(Directions)
Two lines in the data below mark the range: the one with "Detalle de MZELQ" and the one with "A supplement bottle". Return both, along with every line between them, exactly.
╭─ Data provided
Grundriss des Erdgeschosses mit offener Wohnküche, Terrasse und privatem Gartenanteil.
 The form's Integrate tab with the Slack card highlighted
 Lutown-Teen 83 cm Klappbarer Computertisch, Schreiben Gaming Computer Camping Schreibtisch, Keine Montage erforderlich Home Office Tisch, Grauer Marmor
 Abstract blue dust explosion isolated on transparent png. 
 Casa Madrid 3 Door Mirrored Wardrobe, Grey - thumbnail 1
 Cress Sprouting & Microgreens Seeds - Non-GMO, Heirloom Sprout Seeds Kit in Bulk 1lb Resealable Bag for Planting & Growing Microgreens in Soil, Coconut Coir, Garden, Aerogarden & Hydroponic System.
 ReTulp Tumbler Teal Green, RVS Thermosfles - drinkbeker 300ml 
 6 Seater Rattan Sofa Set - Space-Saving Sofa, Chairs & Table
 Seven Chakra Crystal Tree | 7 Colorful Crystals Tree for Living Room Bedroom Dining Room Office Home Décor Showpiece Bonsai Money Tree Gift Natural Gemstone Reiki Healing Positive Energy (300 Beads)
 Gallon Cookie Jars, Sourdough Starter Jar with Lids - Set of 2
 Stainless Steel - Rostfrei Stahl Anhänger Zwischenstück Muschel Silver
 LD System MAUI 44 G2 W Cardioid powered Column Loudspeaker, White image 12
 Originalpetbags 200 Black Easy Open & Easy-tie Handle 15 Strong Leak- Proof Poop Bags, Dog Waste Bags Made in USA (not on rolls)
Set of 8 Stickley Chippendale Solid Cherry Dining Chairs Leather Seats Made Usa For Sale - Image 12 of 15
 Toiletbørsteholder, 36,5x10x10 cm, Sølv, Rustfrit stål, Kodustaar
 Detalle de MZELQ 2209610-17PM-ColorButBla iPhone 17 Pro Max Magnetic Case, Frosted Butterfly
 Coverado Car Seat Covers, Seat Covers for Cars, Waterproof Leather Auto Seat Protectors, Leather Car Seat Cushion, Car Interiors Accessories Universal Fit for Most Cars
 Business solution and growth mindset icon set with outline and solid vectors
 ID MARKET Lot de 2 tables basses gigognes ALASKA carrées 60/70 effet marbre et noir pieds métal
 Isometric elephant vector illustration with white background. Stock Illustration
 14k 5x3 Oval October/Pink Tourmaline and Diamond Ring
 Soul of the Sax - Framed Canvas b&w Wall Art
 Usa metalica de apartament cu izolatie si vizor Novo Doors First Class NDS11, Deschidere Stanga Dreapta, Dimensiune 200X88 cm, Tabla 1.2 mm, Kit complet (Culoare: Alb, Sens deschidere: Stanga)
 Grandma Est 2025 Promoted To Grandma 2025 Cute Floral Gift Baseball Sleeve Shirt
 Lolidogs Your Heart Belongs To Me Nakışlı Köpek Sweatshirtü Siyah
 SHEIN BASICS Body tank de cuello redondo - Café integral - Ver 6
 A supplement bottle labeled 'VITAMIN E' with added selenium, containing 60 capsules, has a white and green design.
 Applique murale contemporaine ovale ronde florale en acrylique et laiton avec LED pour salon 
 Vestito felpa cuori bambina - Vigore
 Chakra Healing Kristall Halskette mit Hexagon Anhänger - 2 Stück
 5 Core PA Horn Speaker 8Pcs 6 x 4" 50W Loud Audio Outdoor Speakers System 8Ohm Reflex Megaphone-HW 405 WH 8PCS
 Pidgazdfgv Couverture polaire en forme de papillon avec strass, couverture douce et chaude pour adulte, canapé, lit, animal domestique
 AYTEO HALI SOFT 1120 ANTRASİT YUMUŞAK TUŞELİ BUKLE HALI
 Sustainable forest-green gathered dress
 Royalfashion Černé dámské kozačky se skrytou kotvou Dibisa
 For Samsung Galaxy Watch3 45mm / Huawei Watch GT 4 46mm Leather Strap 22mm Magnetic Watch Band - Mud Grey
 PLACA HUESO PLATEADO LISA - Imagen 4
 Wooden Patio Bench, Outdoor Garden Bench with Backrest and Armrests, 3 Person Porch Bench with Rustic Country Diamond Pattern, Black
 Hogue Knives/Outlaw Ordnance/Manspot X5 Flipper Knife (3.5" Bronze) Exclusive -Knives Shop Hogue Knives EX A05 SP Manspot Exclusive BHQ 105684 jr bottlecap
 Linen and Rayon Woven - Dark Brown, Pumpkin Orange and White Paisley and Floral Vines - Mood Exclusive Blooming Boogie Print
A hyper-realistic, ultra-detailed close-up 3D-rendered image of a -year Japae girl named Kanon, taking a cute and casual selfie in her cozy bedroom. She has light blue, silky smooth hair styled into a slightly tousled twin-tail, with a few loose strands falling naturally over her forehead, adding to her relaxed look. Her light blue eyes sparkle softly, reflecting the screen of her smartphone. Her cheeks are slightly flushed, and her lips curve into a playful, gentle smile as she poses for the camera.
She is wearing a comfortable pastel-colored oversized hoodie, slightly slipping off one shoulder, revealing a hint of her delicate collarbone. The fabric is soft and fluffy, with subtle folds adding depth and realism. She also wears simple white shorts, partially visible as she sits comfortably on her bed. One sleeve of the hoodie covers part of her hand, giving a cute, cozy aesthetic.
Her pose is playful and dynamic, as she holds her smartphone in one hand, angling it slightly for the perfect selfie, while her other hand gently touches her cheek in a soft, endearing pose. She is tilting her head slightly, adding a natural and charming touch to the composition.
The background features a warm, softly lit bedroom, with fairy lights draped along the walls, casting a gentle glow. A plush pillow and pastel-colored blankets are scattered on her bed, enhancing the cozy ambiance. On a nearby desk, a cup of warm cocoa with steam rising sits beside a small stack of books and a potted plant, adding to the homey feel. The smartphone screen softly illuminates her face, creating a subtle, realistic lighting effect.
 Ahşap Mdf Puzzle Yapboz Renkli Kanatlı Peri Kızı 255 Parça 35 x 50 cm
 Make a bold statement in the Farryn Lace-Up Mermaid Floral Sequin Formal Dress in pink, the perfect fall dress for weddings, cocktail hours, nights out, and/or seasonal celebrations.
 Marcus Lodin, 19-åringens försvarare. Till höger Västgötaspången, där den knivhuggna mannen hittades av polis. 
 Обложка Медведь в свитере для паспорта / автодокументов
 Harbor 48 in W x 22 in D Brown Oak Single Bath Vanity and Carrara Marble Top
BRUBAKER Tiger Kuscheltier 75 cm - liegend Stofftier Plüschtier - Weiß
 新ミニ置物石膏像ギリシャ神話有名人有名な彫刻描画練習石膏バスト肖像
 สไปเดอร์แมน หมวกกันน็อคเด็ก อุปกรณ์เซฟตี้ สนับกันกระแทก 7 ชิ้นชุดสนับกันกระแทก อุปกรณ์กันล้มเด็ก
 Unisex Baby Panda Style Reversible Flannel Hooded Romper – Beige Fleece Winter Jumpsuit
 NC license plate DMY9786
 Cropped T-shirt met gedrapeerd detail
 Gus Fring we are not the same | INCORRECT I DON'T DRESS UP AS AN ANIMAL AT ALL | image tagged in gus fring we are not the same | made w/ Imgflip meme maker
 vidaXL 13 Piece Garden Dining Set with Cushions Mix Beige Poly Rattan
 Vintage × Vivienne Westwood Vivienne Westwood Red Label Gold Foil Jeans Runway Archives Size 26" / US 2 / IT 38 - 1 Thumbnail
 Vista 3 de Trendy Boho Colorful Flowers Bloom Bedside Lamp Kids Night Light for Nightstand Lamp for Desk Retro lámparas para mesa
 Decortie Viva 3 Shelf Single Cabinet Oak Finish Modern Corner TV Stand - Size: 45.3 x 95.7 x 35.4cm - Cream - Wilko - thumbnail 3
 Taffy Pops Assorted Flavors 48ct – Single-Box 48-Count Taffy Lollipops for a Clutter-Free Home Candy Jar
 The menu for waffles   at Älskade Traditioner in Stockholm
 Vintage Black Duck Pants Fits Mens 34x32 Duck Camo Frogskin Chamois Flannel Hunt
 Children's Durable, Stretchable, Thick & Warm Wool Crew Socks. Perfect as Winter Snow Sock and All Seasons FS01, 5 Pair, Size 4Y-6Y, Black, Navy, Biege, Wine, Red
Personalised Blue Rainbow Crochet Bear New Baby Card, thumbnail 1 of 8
╰─
(Solution to this problem)
 Detalle de MZELQ 2209610-17PM-ColorButBla iPhone 17 Pro Max Magnetic Case, Frosted Butterfly
 Coverado Car Seat Covers, Seat Covers for Cars, Waterproof Leather Auto Seat Protectors, Leather Car Seat Cushion, Car Interiors Accessories Universal Fit for Most Cars
 Business solution and growth mindset icon set with outline and solid vectors
 ID MARKET Lot de 2 tables basses gigognes ALASKA carrées 60/70 effet marbre et noir pieds métal
 Isometric elephant vector illustration with white background. Stock Illustration
 14k 5x3 Oval October/Pink Tourmaline and Diamond Ring
 Soul of the Sax - Framed Canvas b&w Wall Art
 Usa metalica de apartament cu izolatie si vizor Novo Doors First Class NDS11, Deschidere Stanga Dreapta, Dimensiune 200X88 cm, Tabla 1.2 mm, Kit complet (Culoare: Alb, Sens deschidere: Stanga)
 Grandma Est 2025 Promoted To Grandma 2025 Cute Floral Gift Baseball Sleeve Shirt
 Lolidogs Your Heart Belongs To Me Nakışlı Köpek Sweatshirtü Siyah
 SHEIN BASICS Body tank de cuello redondo - Café integral - Ver 6
 A supplement bottle labeled 'VITAMIN E' with added selenium, containing 60 capsules, has a white and green design.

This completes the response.